Caption-style text data

--------------------------------

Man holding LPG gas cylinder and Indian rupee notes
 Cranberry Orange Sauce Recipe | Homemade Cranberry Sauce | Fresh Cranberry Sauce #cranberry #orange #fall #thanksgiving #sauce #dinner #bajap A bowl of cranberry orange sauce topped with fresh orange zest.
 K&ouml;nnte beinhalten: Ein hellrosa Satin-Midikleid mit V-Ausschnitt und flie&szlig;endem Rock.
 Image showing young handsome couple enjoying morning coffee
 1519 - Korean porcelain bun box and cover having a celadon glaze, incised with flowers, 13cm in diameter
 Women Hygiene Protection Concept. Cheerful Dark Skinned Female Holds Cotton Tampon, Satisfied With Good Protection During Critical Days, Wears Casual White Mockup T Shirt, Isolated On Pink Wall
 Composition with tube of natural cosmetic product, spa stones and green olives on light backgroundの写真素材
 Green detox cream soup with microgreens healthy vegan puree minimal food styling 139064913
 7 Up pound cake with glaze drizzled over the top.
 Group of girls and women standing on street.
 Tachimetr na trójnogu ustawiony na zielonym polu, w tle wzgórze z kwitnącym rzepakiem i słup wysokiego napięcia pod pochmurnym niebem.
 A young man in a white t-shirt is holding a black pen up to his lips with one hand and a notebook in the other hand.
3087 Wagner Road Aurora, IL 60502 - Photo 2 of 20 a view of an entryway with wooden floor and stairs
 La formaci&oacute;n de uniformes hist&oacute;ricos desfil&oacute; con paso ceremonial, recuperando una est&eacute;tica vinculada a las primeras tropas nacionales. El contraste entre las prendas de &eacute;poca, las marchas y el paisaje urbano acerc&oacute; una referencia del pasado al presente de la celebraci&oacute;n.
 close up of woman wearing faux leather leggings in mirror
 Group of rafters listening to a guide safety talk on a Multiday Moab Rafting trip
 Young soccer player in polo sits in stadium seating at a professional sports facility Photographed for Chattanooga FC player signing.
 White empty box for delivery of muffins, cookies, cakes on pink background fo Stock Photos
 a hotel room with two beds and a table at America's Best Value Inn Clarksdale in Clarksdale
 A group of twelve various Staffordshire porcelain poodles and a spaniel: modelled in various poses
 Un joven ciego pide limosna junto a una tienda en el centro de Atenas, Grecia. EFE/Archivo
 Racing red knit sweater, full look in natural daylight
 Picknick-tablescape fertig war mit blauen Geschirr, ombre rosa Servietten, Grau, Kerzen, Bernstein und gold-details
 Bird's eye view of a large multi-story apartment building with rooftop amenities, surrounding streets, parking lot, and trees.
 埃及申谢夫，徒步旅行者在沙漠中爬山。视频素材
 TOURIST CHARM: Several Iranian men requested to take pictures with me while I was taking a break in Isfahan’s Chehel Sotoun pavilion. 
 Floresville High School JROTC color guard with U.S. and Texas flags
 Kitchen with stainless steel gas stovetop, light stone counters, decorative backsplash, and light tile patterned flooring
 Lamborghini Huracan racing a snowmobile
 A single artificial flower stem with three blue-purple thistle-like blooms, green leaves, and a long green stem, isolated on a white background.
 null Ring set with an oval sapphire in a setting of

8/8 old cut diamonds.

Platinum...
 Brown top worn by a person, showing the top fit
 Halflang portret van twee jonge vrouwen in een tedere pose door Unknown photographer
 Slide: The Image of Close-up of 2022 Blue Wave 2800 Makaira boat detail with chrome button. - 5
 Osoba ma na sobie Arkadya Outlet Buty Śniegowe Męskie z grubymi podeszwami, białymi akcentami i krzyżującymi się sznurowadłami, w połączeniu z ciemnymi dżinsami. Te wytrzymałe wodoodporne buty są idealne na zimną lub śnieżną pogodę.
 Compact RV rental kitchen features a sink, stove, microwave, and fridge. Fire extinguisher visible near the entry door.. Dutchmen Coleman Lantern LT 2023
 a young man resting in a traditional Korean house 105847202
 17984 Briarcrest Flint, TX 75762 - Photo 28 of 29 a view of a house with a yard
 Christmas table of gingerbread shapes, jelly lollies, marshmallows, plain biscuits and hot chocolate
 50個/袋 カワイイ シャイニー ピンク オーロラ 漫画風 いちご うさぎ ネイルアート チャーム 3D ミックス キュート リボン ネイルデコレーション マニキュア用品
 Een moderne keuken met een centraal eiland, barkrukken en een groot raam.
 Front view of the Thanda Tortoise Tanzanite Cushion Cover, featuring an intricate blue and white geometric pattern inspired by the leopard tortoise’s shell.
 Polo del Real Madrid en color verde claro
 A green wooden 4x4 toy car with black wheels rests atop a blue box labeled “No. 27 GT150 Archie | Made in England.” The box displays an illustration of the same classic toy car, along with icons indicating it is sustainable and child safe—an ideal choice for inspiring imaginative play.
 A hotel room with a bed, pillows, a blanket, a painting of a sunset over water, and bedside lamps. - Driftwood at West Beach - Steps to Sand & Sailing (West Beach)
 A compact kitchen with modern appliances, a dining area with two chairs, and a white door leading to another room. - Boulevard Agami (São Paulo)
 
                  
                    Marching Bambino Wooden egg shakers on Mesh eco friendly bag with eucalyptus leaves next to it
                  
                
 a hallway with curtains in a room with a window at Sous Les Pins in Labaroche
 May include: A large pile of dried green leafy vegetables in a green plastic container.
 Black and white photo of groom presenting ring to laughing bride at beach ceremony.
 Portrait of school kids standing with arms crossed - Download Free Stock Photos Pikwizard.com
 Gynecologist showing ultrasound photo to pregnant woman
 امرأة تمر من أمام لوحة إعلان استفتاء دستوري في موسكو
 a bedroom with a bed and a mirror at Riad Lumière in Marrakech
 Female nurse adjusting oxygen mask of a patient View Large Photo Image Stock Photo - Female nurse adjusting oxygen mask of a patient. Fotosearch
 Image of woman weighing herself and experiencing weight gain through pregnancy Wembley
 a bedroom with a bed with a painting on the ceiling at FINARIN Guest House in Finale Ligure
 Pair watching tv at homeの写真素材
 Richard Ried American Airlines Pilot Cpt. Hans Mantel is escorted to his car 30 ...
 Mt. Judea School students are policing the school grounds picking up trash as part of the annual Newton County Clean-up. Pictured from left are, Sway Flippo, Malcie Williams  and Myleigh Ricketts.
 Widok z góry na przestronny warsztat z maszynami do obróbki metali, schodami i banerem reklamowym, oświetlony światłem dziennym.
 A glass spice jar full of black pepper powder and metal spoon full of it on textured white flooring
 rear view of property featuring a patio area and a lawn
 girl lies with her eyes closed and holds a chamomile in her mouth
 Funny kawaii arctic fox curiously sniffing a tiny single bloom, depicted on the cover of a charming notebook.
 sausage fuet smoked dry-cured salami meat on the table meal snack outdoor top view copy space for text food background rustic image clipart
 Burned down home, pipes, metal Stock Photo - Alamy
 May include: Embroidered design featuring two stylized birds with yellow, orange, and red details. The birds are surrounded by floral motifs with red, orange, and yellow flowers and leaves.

--------------------------------

**YOUR TASK:** If a line comes after the one containing "Composition with tube", leave it out; set down every line of the data before it, and that line itself, exactly.

**SOLUTION TO THIS EXERCISE:**
Man holding LPG gas cylinder and Indian rupee notes
 Cranberry Orange Sauce Recipe | Homemade Cranberry Sauce | Fresh Cranberry Sauce #cranberry #orange #fall #thanksgiving #sauce #dinner #bajap A bowl of cranberry orange sauce topped with fresh orange zest.
 K&ouml;nnte beinhalten: Ein hellrosa Satin-Midikleid mit V-Ausschnitt und flie&szlig;endem Rock.
 Image showing young handsome couple enjoying morning coffee
 1519 - Korean porcelain bun box and cover having a celadon glaze, incised with flowers, 13cm in diameter
 Women Hygiene Protection Concept. Cheerful Dark Skinned Female Holds Cotton Tampon, Satisfied With Good Protection During Critical Days, Wears Casual White Mockup T Shirt, Isolated On Pink Wall
 Composition with tube of natural cosmetic product, spa stones and green olives on light backgroundの写真素材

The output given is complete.